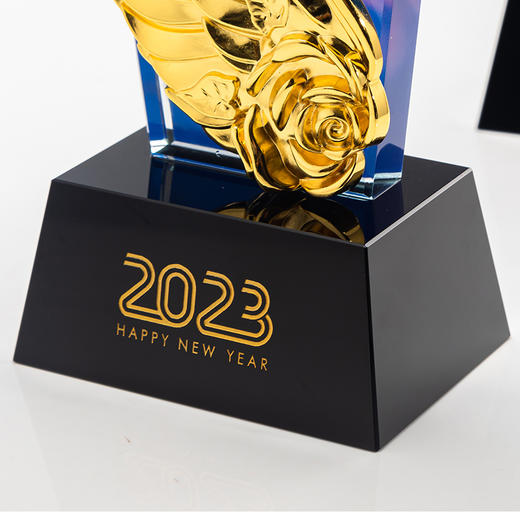 订制水晶奖杯彩色创意奖牌狼鹿飞翔优秀员工荣誉团队公司文化奖励 商品图6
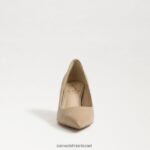 נשים הַנעָלָה Sam Edelman משאבת עקב חתלתול וינה עור בז' רך 4XL22X208 - Image 3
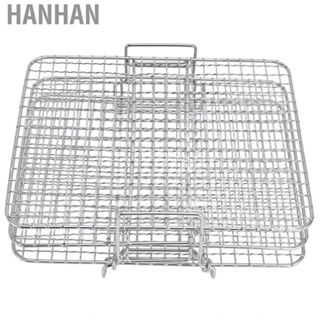 Hanhan 3 Layer Rectangular Grill Rack Stainless Steel Baking And Cooking Fit New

TASK PROMPT ▸ Across the whole listing above, repeat each line exactly and leave out the images.

YOUR SOLUTION ▸
 订制水晶奖杯彩色创意奖牌狼鹿飞翔优秀员工荣誉团队公司文化奖励 商品图6
 נשים הַנעָלָה Sam Edelman משאבת עקב חתלתול וינה עור בז' רך 4XL22X208 - Image 3
 Hanhan 3 Layer Rectangular Grill Rack Stainless Steel Baking And Cooking Fit New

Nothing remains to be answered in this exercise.